* **TASK TO COMPLETE**
Copy the records below exactly as they stand. Leave out the pictures.

* **DATA FOR PROCESSING**
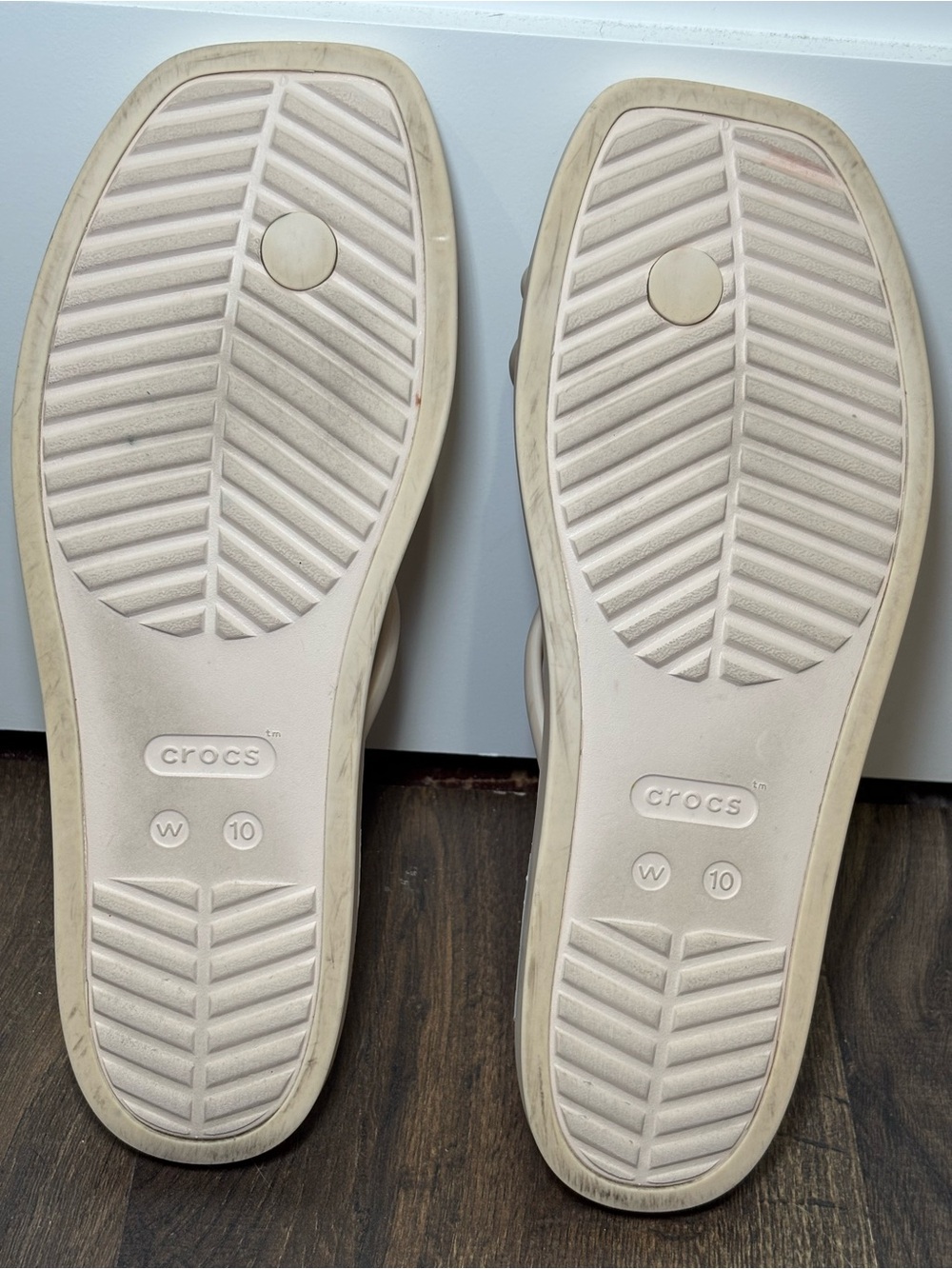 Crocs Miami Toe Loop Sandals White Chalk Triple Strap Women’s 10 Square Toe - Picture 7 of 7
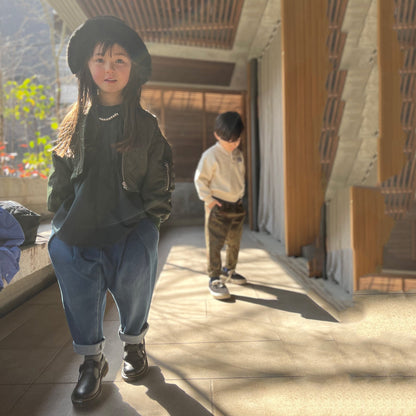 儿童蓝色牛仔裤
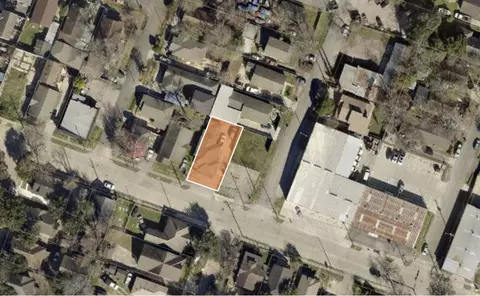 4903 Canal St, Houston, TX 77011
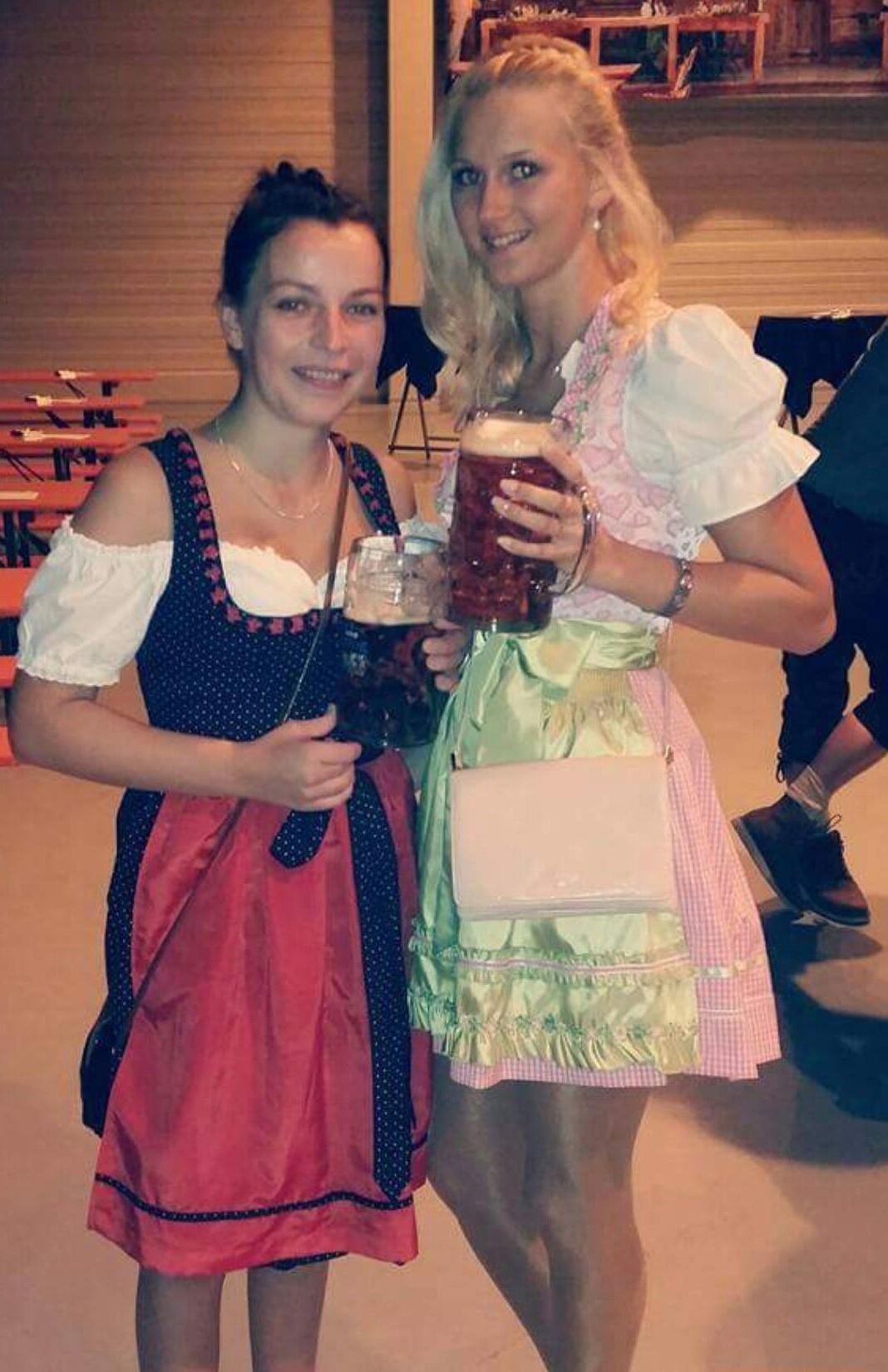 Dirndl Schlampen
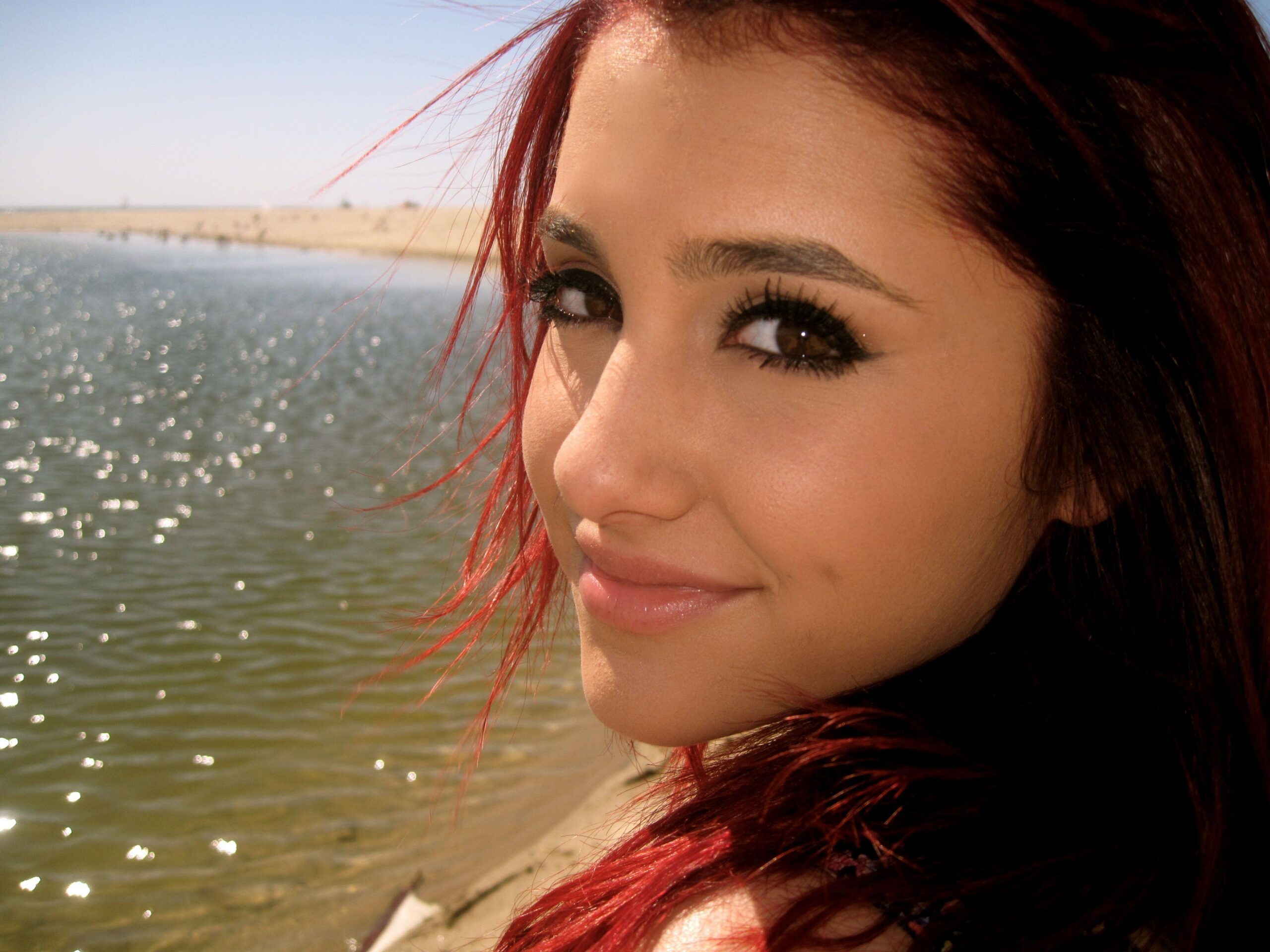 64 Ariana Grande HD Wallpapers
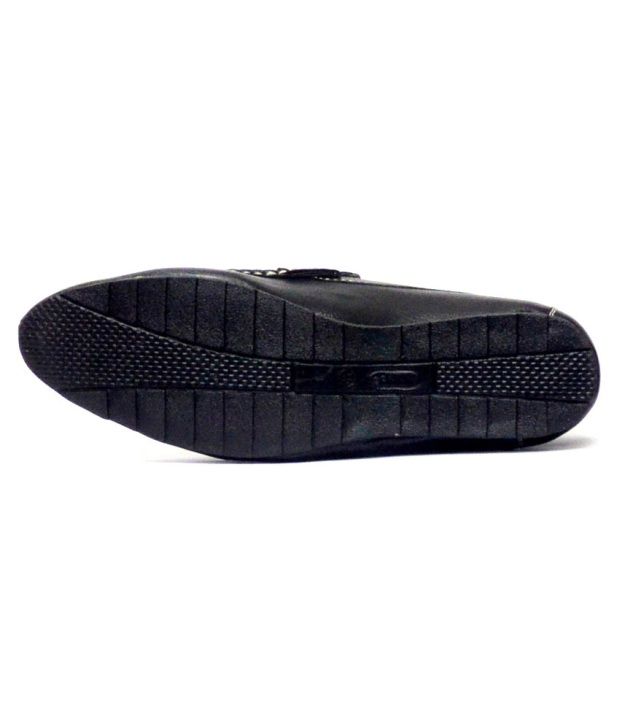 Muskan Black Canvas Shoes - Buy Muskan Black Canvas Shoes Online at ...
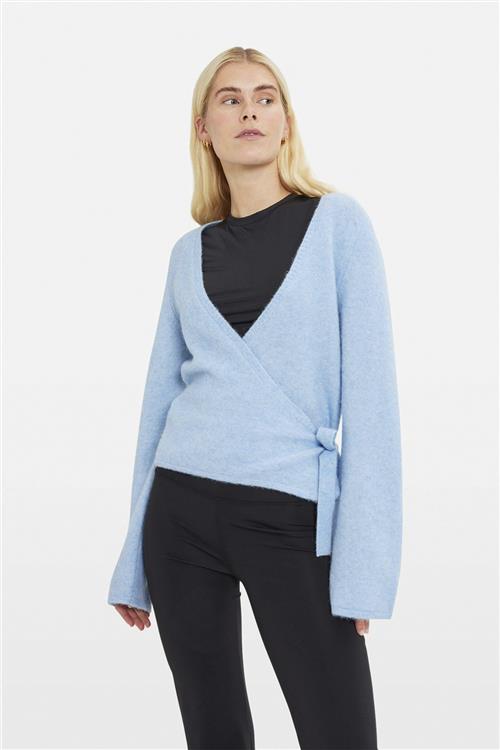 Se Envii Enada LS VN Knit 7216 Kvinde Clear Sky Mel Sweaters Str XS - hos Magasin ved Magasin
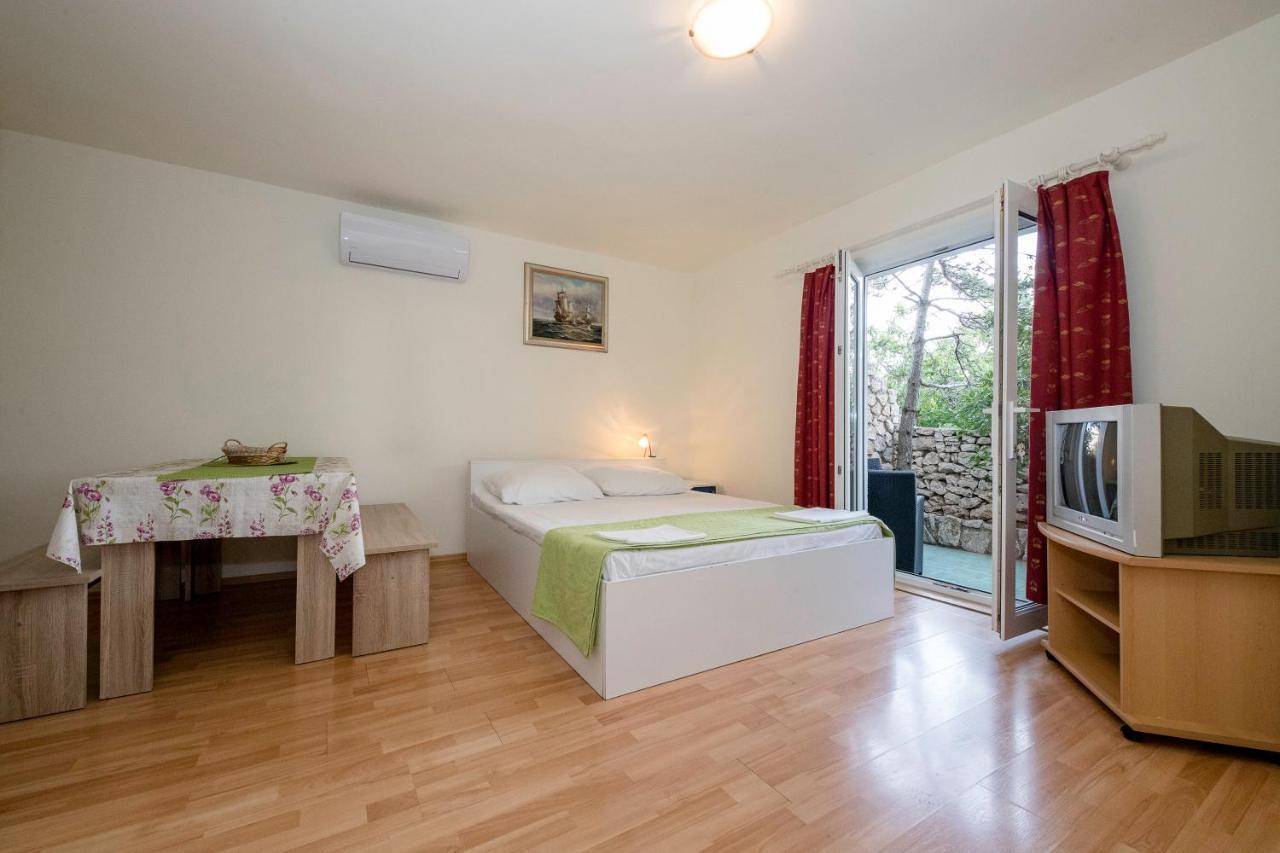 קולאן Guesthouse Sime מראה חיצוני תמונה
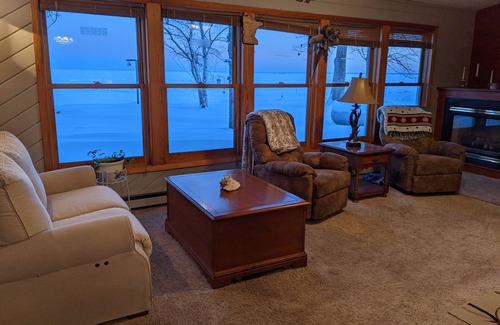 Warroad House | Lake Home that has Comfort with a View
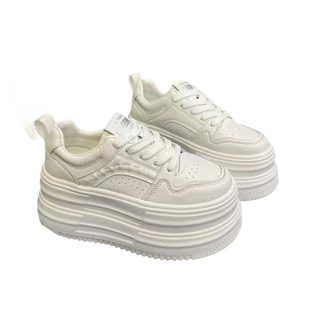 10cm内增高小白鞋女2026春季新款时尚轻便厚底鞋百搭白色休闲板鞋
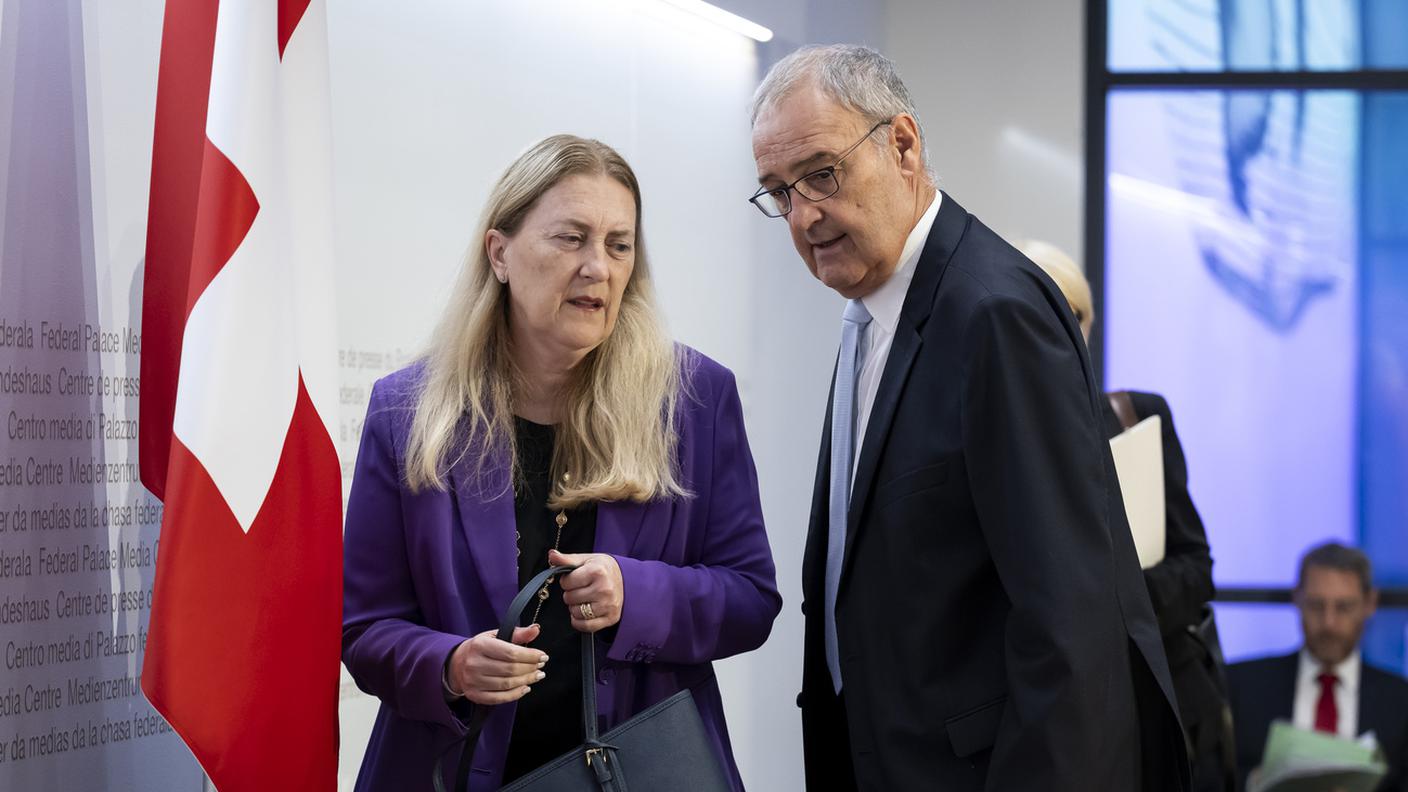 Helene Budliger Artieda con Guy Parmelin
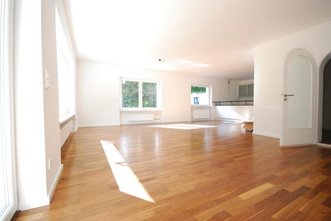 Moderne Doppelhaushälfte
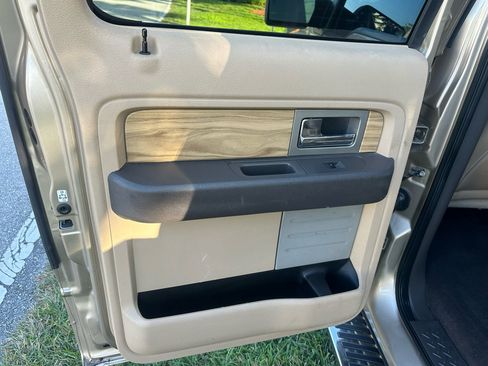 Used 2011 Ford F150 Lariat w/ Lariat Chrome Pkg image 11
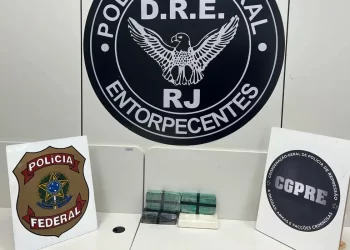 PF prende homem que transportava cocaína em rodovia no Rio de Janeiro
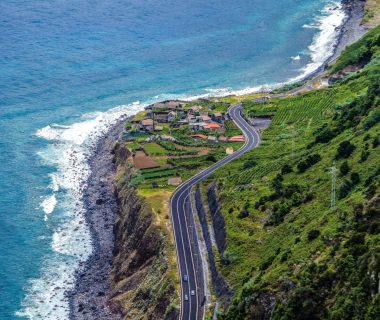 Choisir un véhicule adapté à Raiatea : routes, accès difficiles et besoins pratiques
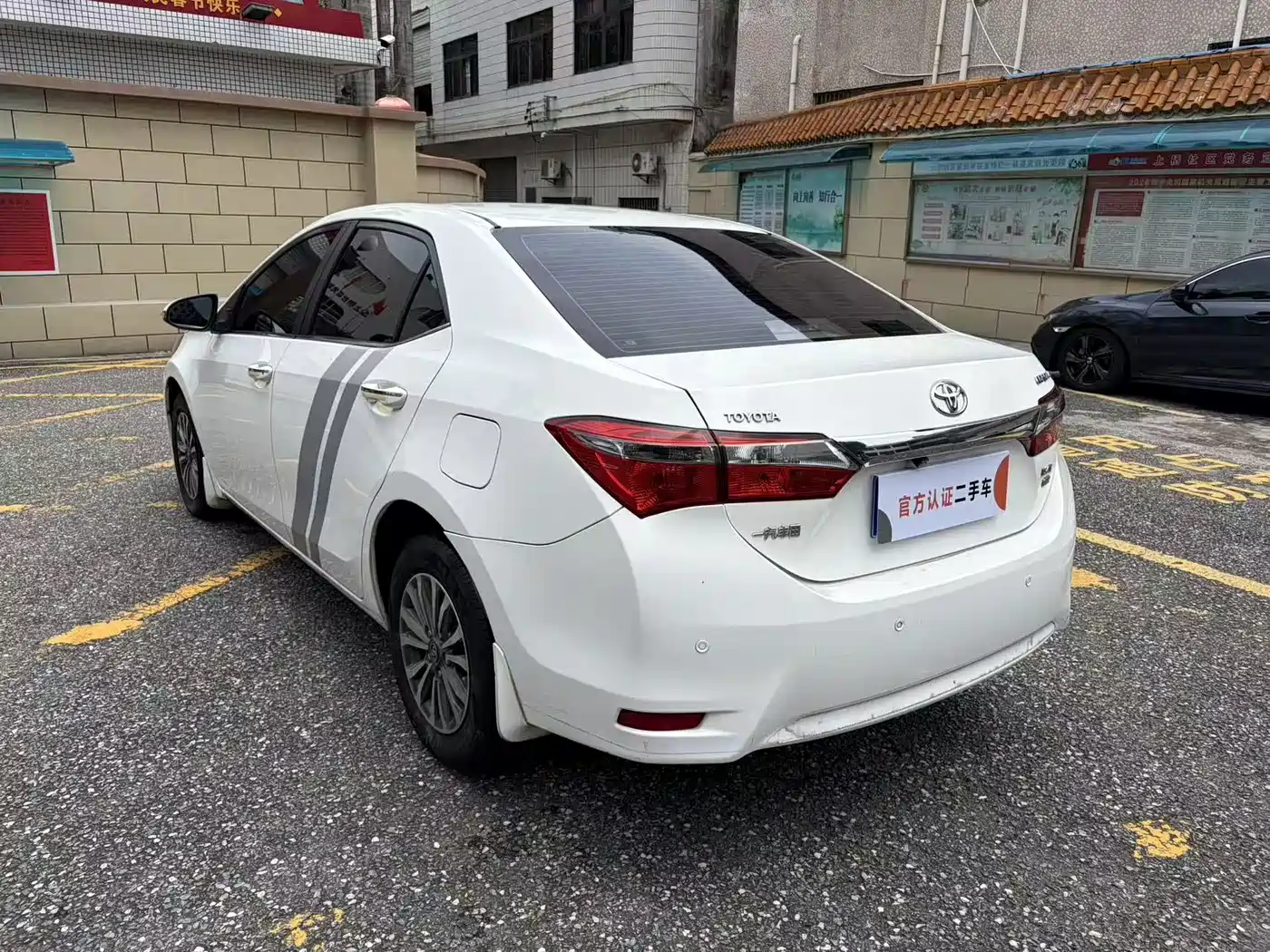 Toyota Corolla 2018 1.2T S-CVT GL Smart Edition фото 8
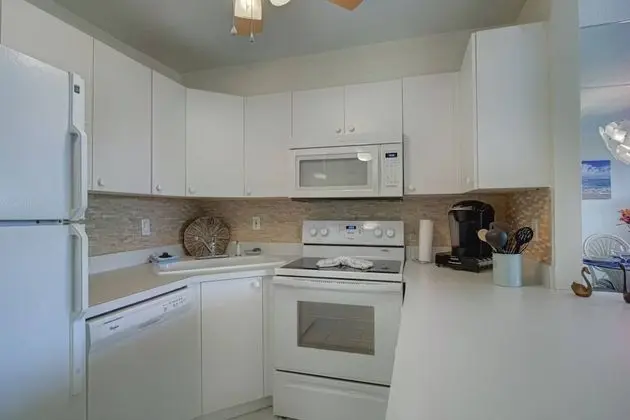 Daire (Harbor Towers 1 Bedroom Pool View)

* **RESULT BELOW**
 Crocs Miami Toe Loop Sandals White Chalk Triple Strap Women’s 10 Square Toe - Picture 7 of 7
 儿童蓝色牛仔裤
 4903 Canal St, Houston, TX 77011
 Dirndl Schlampen
 64 Ariana Grande HD Wallpapers
 Muskan Black Canvas Shoes - Buy Muskan Black Canvas Shoes Online at ...
 Se Envii Enada LS VN Knit 7216 Kvinde Clear Sky Mel Sweaters Str XS - hos Magasin ved Magasin
 קולאן Guesthouse Sime מראה חיצוני תמונה
 Warroad House | Lake Home that has Comfort with a View
 10cm内增高小白鞋女2026春季新款时尚轻便厚底鞋百搭白色休闲板鞋
 Helene Budliger Artieda con Guy Parmelin
 Moderne Doppelhaushälfte
 Used 2011 Ford F150 Lariat w/ Lariat Chrome Pkg image 11
 PF prende homem que transportava cocaína em rodovia no Rio de Janeiro
 Choisir un véhicule adapté à Raiatea : routes, accès difficiles et besoins pratiques
 Toyota Corolla 2018 1.2T S-CVT GL Smart Edition фото 8
 Daire (Harbor Towers 1 Bedroom Pool View)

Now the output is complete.